Devidamente citada, a ré contestou alegando, em preliminar, que a ação prescreveu. No mérito, asseverou que houve vício quando da construção, o que excluiria a indenização por parte da Seguradora. Ao final, pugnou pela denunciação da lide à IRB - Brasil Resseguros S/A e à COHAB/SC - Companhia de Habitação do Estado de Santa Catarina, na condição de litisconsortes necessárias (fls. 317/331).

A COHAB/SC apresentou contestação, aduzindo que a preliminar confunde-se com o mérito quanto a sua ilegitimidade passiva e que inexiste relação obrigacional capaz de impor a obrigação de indenizar o segurado. Ao final, pediu que seja inadmitida a litisdenunciação e excluída toda e qualquer responsabilidade da promitente vendedora do imóvel nas obrigações presentes (fls. 401/404).

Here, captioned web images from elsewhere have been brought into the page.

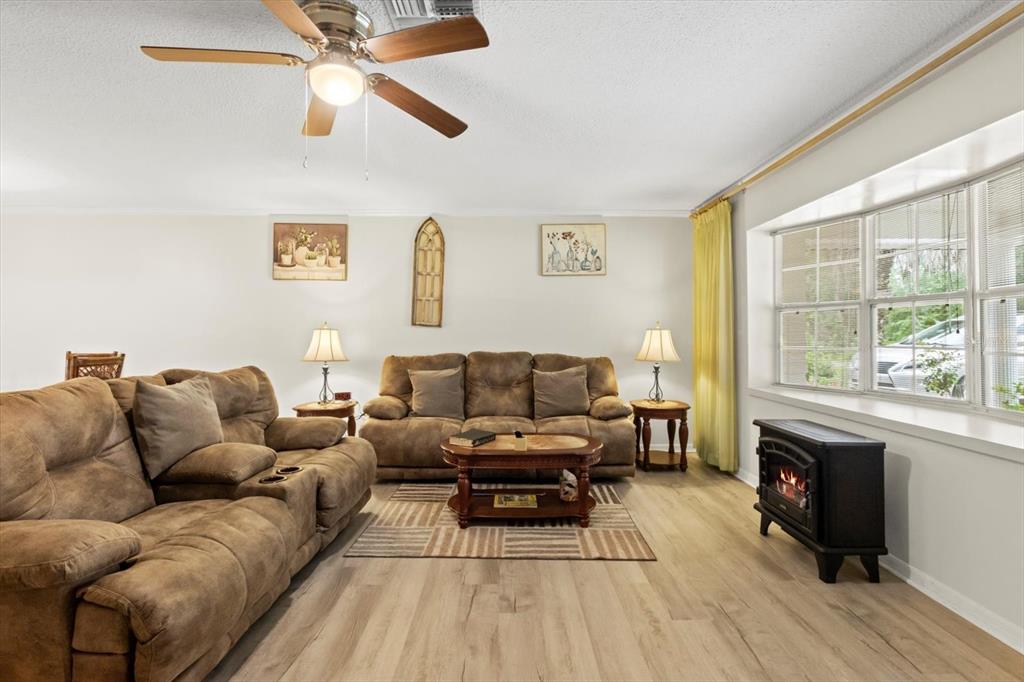 3550 South Dean Terrace Inverness, FL 34452 - Photo 8 of 37 a living room with furniture and a fireplace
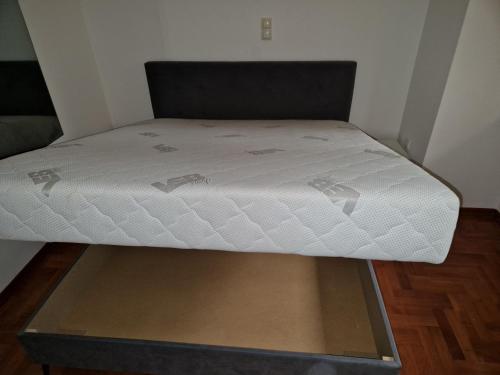 a bed in a small room with a mattress at Odmaralište Islovo Brdo in Prnjavor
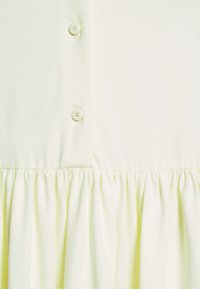 Gros plan sur un tissu jaune pâle avec deux boutons cousus et un détail de couture froncée sous les boutons.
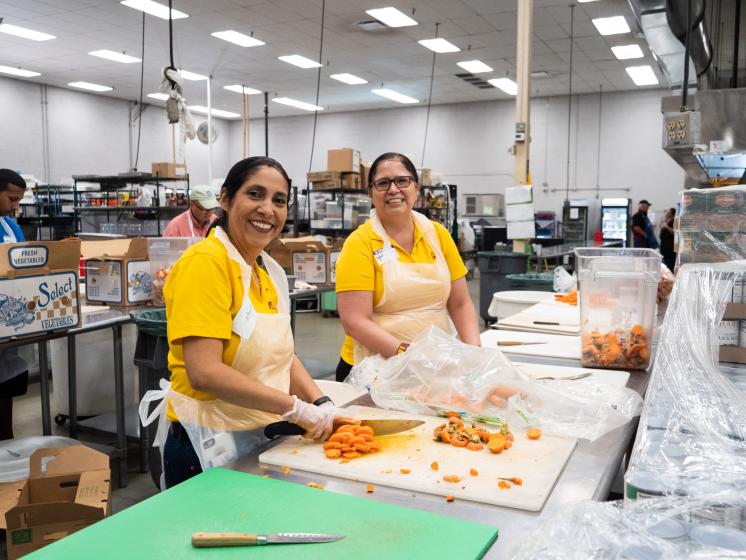 volunteers chopping vegetables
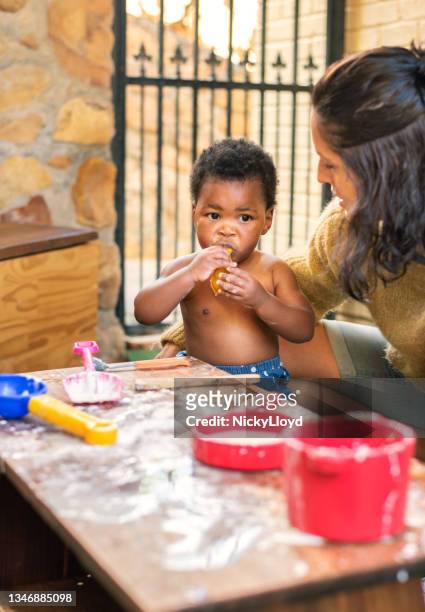 mama sitzt mit ihrem kleinen mädchen, während sie zusammen an einem tisch draußen spielt - baby spielt mit essen stock-fotos und bilder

Também citada, contestou a IRB, alegando, em preliminar, que a sua posição não poderia ser confundida com a condição processual de parte, uma vez que o resseguro seria um contrato sem qualquer vínculo com o segurado. No mérito, altercou que: os danos ocorridos nos imóveis seriam decorrentes do uso, desgaste, falta de conservação e dos vícios de construção; não cabe à Seguradora indenizar estragos causados pelo tempo, posto que as casas já possuíam mais de 20 (vinte) anos; a multa aplicável não pode superar os limites impostos pelo Código de Defesa do Consumidor; não sendo esse o entendimento, que recaia sobre a IRB, tão-somente, a enunciação de vontade autorizadora de pagamento (fls. 458/469).
Chamada ao feito, a Caixa Econômica Federal alegou que inexiste qualquer argumento válido a justificar a sua presença na lide, tendo em vista que não assumiu nenhuma responsabilidade quanto ao mutuário, não sendo parte legítima no pólo passivo, porquanto a Seguradora deverá assumir a obrigação para os fins de direito (fls. 565/566).

Sentenciando, o Magistrado singular julgou procedente o pedido, condenando a ré a pagar o montante indicado no laudo pericial (fl. 607), a título de indenização, com multa de 2% (dois por cento) sobre o valor da indenização, a partir de 30 (trinta) dias após a data do recebimento do sinistro. Rejeitou a denunciação da lide à COHAB/SC e excluiu o IRB por ilegitimidade passiva. Ao final, condenou a ré a pagar honorários advocatícios, fixados em 20% (vinte por cento) sobre o valor total da condenação para o procurador do autor e para os procuradores da COHAB/SC e IRB, o valor de R$ 1.000,00 (mil reais) (fls. 648/657).

Inconformados, apelam o autor Vilson Medeiros e a ré Atlântica Seguros S/A.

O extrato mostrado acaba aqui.